For each remaining lesson in Chapter 65:

1. Read the lesson content
2. Identify patterns that belong in your skill
3. Update SKILL.md with what you learned
4. Test the pattern (where applicable)
5. Commit your improvements
6. Check off success criteria in LEARNING-SPEC.md

By L07 (Capstone), your skill will be complete—not because you copied patterns, but because you discovered them through practice.

Reflect on Your Skill

After creating your scaffold, consider:

  1. What's already clear? Looking at your [TO BE LEARNED] sections, which ones do you have intuitions about already?

  2. What's confusing? Which sections have questions you can't even formulate yet?

  3. What's exciting? Which capability would be most valuable for your work?

Note your answers. They'll guide your attention in the lessons ahead.

Try With AI

Before moving to L01, use your AI companion to explore your skill's domain.

Prompt 1: Validate Your Learning Spec

I'm about to learn persona fine-tuning. Here's my LEARNING-SPEC.md:

[paste your LEARNING-SPEC.md]

Review my success criteria. Are they:
1. Specific enough to verify?
2. Realistic for 5 hours of learning?
3. Missing anything important for persona tuning?

Challenge me on any criteria that seem vague or over-ambitious.

What you're learning: Self-assessment through external validation. Your AI partner helps you refine your learning goals before investing time.
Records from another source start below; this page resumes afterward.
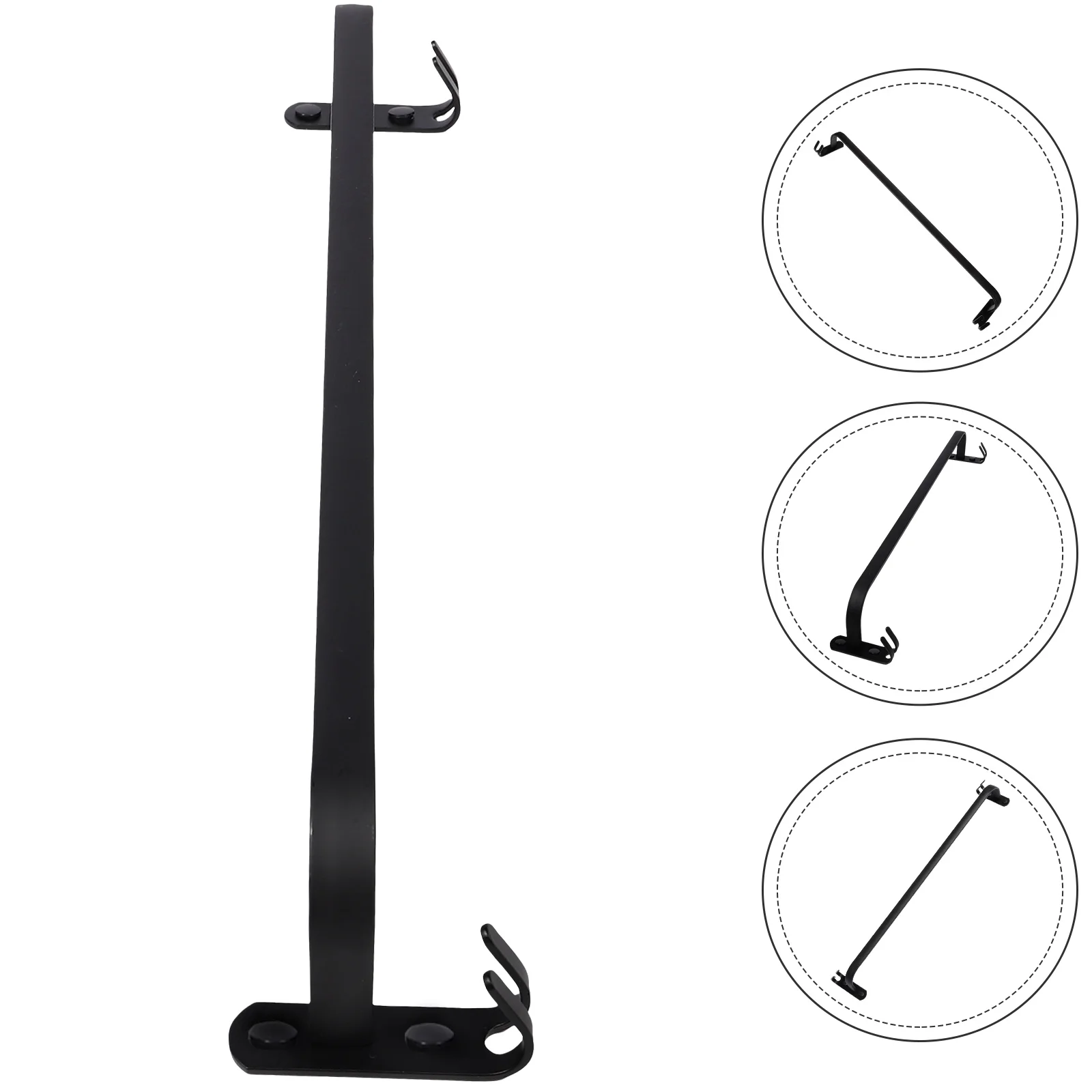 

Space Aluminum Towel Rack Single Bar Brushed Finish Rust Resistant Wall Mounted Bathroom Storage Holder For Kitchen Bedroom
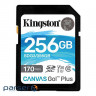 Memory card Kingston 256GB SDXC class 10 UHS-I U3 Canvas Go Plus (SDG3/256GB)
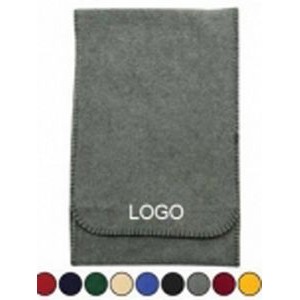 Fleece Scarf with Embroidery Logo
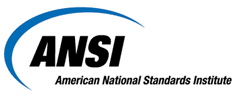 American National Standards Institute logo.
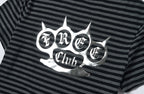 SAVAGEGROWTHWORLD Silver Foil Graphic Stripe T-Shirt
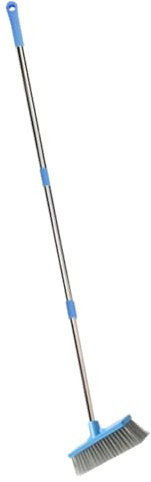 COLLBATH Long Handled Floor Scrubbing Brush for Easy Cleaning of Tiles and Grout Versatile Hard Bristle Broom for Bathrooms Kitchens Garages and Patios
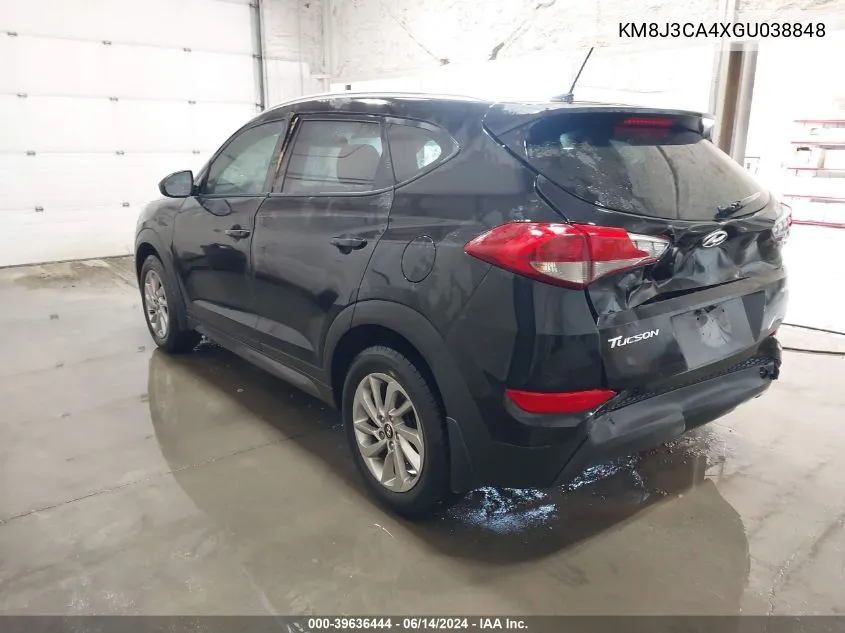 2016 Hyundai Tucson Se VIN: KM8J3CA4XGU038848 Lot: 39636444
Prompt 2: Preview the Domain

I'm building a persona-tuner skill. Before I study the content, help me
develop intuitions:

1. What's the difference between teaching a model WHAT to say vs HOW to say it?
2. How might training data for personality differ from training data for knowledge?
3. What could go wrong if personality training conflicts with knowledge training?

Don't give me complete answers—give me thinking frameworks I can test
against the chapter content.

What you're learning: Pre-activation of schema. By developing intuitions before learning, you create mental hooks that make new information stick better.

Prompt 3: Plan Your Skill Evolution

My persona-tuner skill has these [TO BE LEARNED] sections:
- Persona Specification Template
- Dataset Creation Patterns
- Training Configuration
- Evaluation Framework
- Multi-Persona Patterns

For each section, suggest:
1. What questions should this section answer?
2. What examples would make the pattern concrete?
3. What common mistakes should it prevent?

I'll use your suggestions to evaluate each lesson—did it answer these questions?

What you're learning: Active learning preparation. Instead of passive consumption, you're defining criteria for each lesson to meet.

Your skill scaffold is ready. In L01, you'll learn what persona tuning actually is—and add your first real content to the skill.